Queen to Play

Actors from other countries come to Hollywood and end up speaking excellent English — or American — for their movie roles. Kevin Kline has reversed that procedure, learning French and…

Actors from other countries come to Hollywood and end up speaking excellent English — or American — for their movie roles. Kevin Kline has reversed that procedure, learning French and speaking it in "Queen to Play," a gentle little film that equates chess with seduction, with pleasure but without touching. Set in Corsica, it opens here today

Kline and French actress Sandrine Bonnaire co-star in the enjoyable tale directed by Caroline Bottaro, making her directorial debut in a movie adapted from a novel by Bertina Henrichs. Bonnaire is Helene, a not-quite middle-aged woman who keeps house for her longshoreman husband and their teen-aged daughter. She also works as a chambermaid in a fancy resort hotel, and she cleans, once a week, for a reclusive physician (Kline).

One day, at the hotel, she notices a couple (Jennifer Beals and Dominic Gould) on a balcony playing chess. From the body language, it's a match as serious as their relationship, and when Beals wins, and flashes a triumphant smile at Bonnaire, the Corsican woman is hooked. Thinking that chess may be a way to brighten up her own marriage, she buys him an electronic chess game for his birthday.

He is not amused; neither is their daughter, who is a tyrannical teenager, extremely upset because she comes from what she considers a "poor" family. But Helene is hooked, playing with the game constantly, visualizing chess moves as she cleans a checkered floor, using pieces of bread as pieces when she sits at a table with a checkered cloth.

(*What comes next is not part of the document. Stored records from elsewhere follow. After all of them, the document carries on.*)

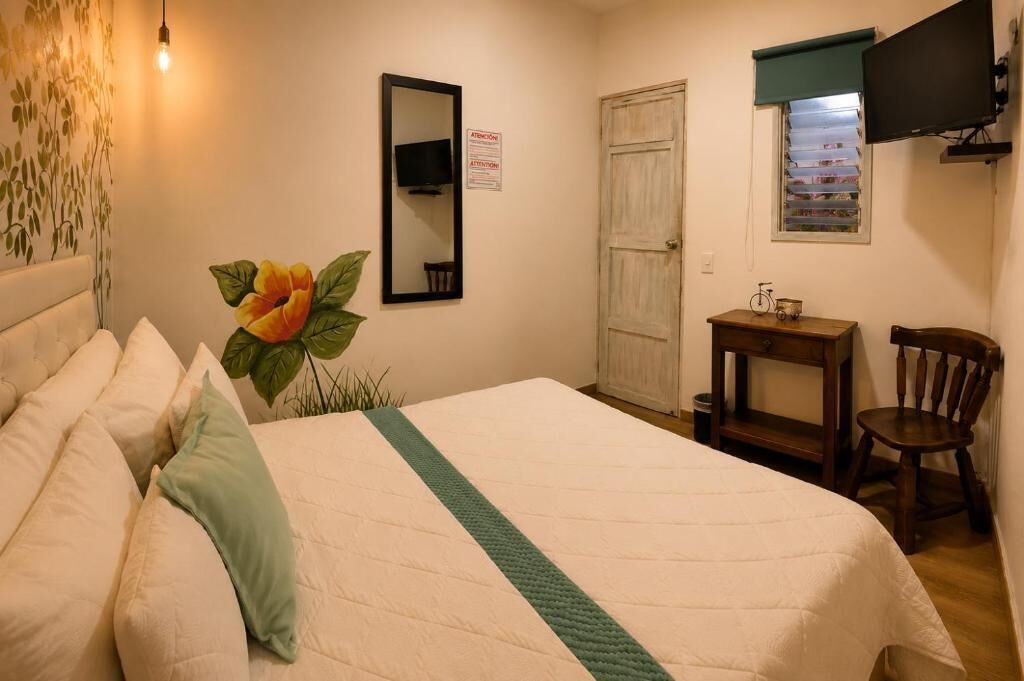 A bedroom with a bed, a mirror, a television, a door, and a small table with a chair.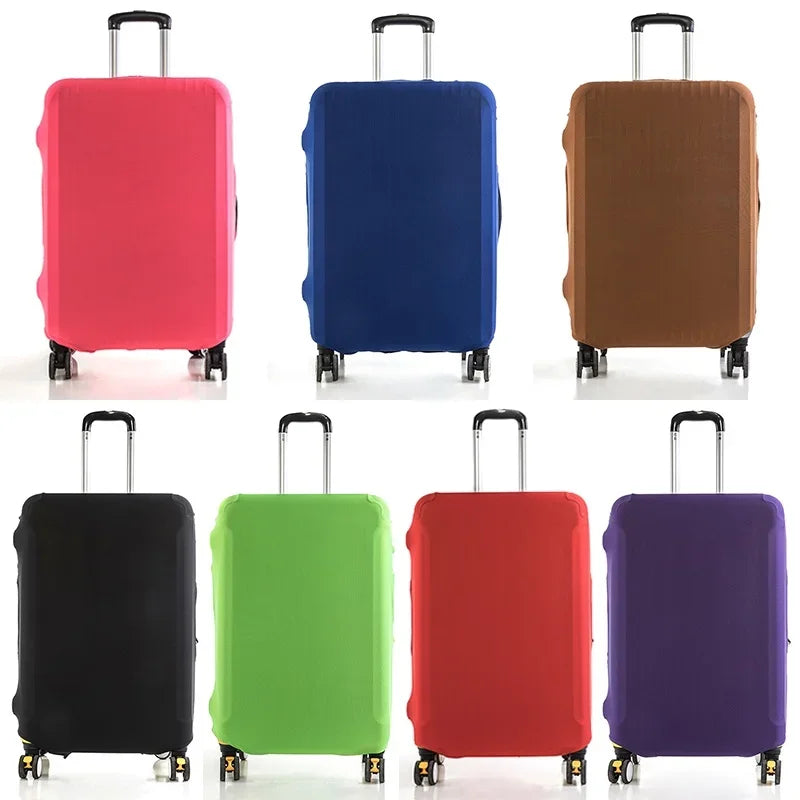 A set of four brightly colored suitcase covers in pink, blue, brown, and purple.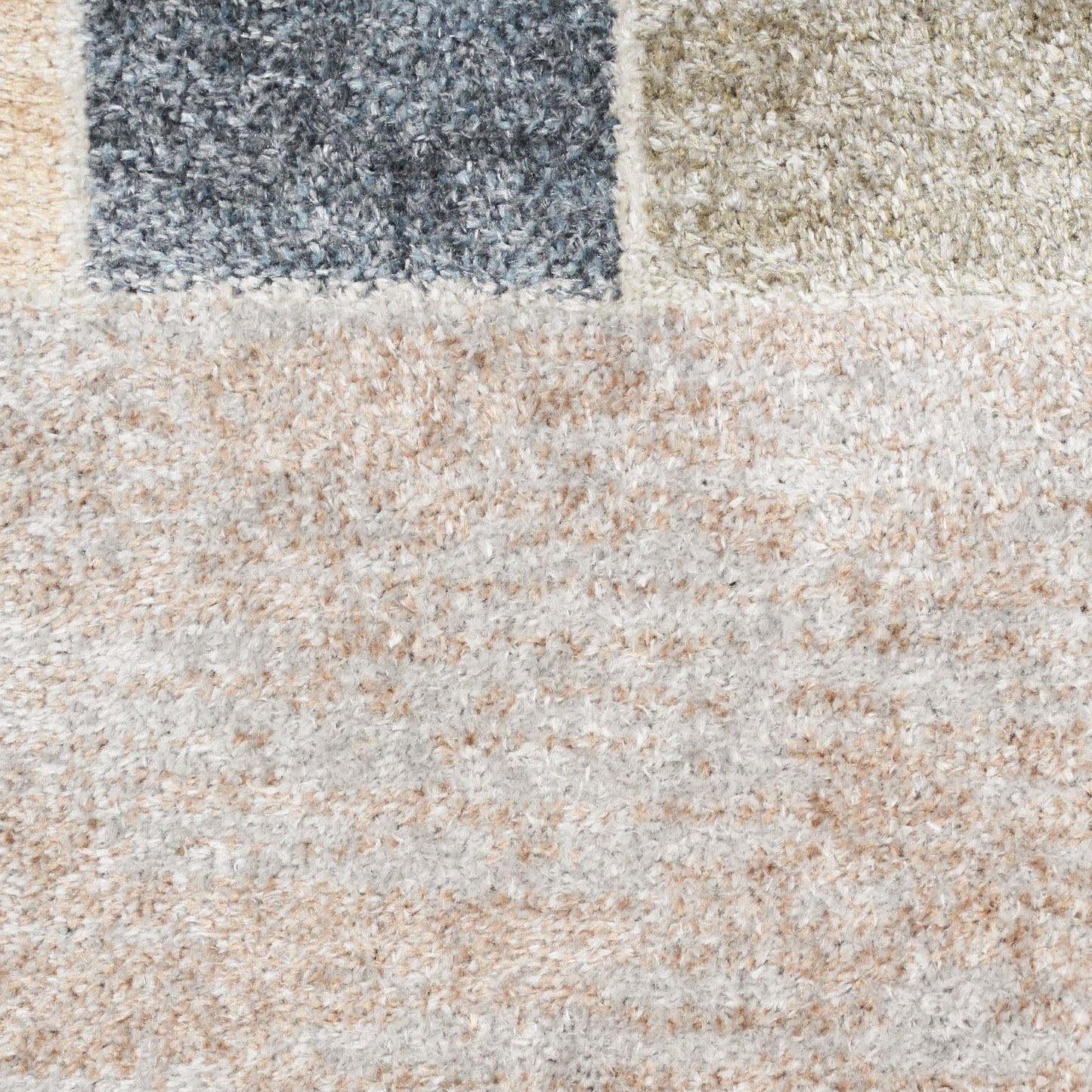 Beige shag rug with dark blue and olive patch blocks; soft textured pile, geometric area rug for living spaces.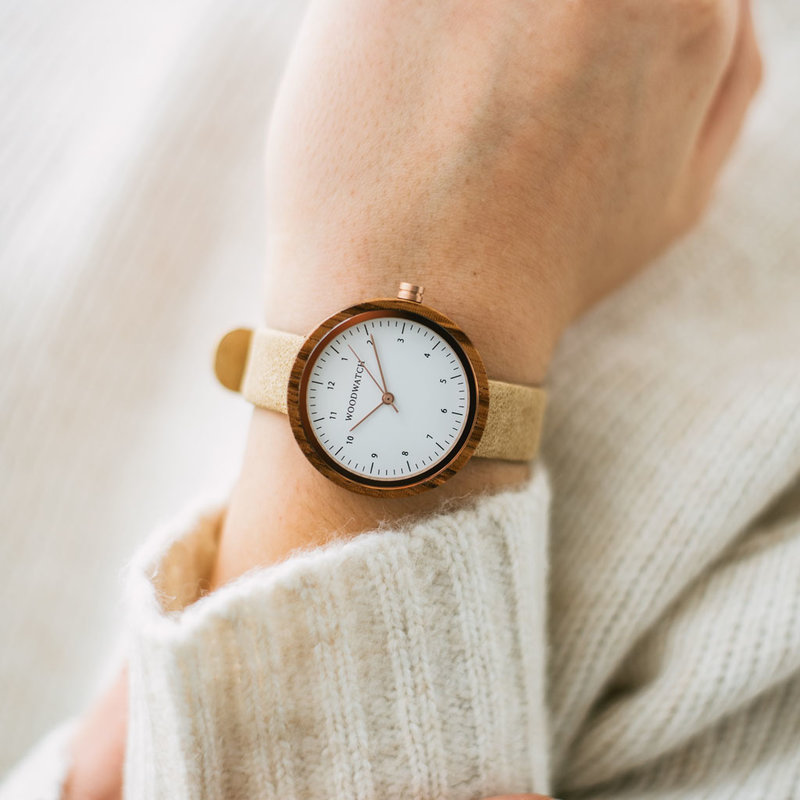 Inspired by contemporary Nordic minimalism. The NORDIC Oslo Beige features a 36mm diameter white zebra wood case with a white dial and rose gold details. Handmade from sustainably sourced wood combined with a beige sustainable vegan leather strap.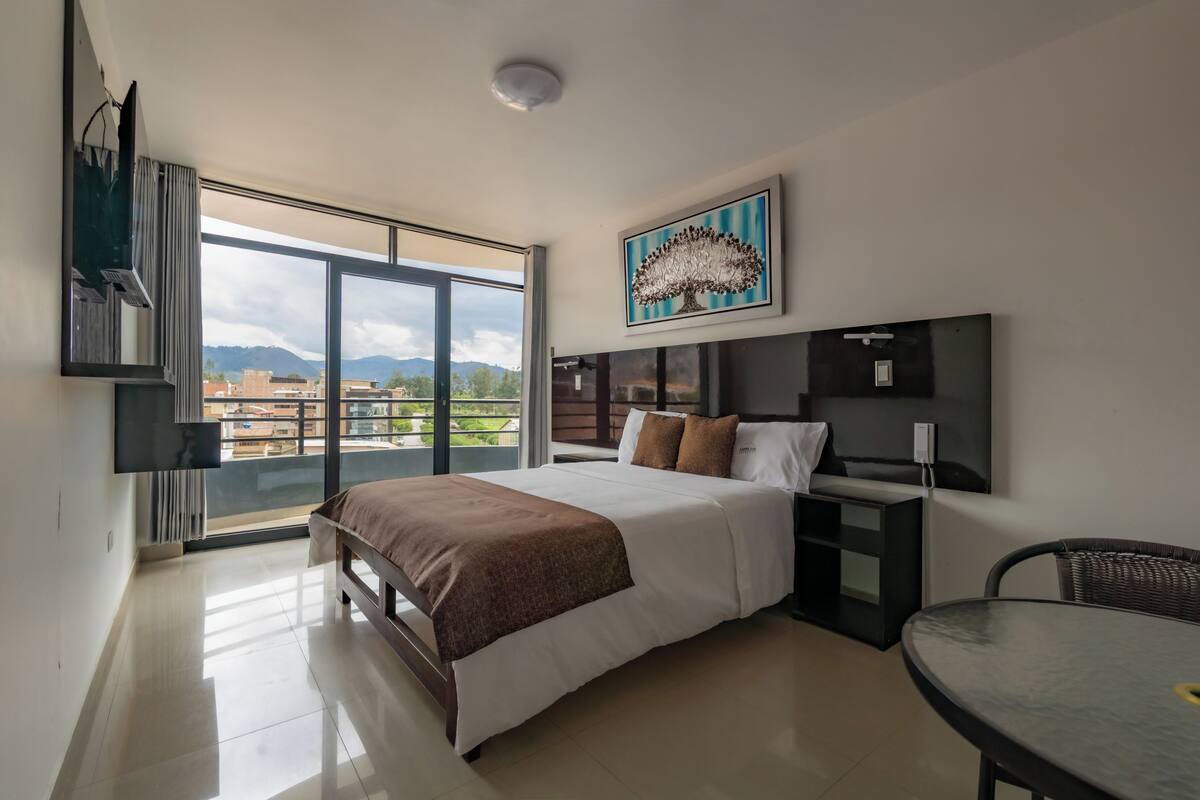 Una habitación de hotel moderna con una cama grande, un escritorio y un balcón con vistas a la ciudad.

And she finds a set in Kline's house, and convinces him to teach her more about the game.

The film plays out as one would expect, emphasizing the problem shown in movies or books about sports or games. But there's a marvelous scene between Bonnaire and Kline, playing a match without a board or pieces, speaking the moves, pondering their responses. Both actors are simply superb, and it's a glorious high point in a nifty little movie.

Queen to Play opens today at the Plaza Frontenac.